• Your instructions:
For each record, copy the text exactly and omit any picture it holds.

• Given records:

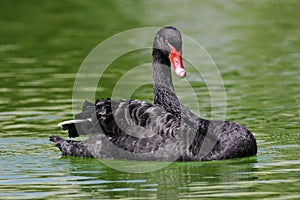 Black swan Cygnus astratus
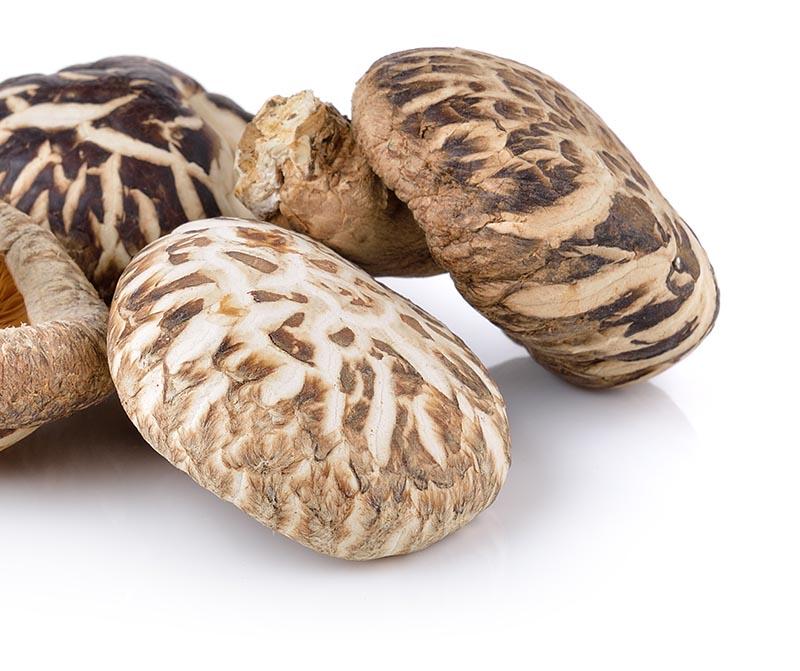 Oyster mushroom main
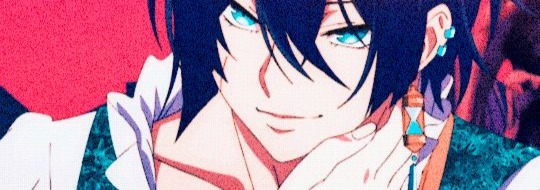 Vanitas Banner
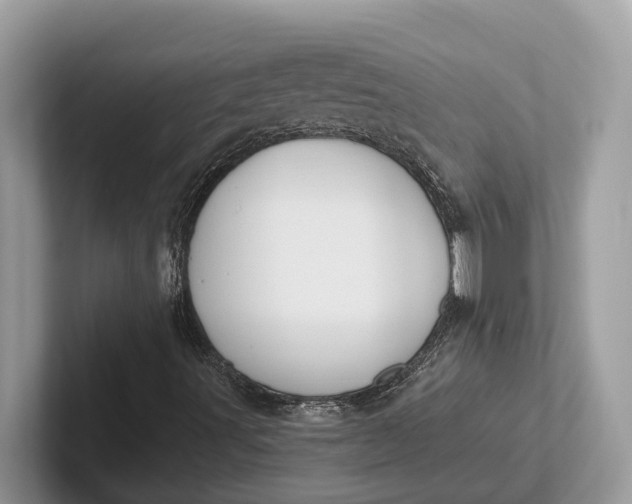 X0000101461491200807211322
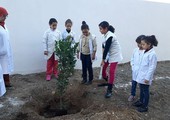 البنك الدولي يعزز تمويله للأنشطة المناخية في العالم العربي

• Your solution:
 Black swan Cygnus astratus
 Oyster mushroom main
 Vanitas Banner
 X0000101461491200807211322
 البنك الدولي يعزز تمويله للأنشطة المناخية في العالم العربي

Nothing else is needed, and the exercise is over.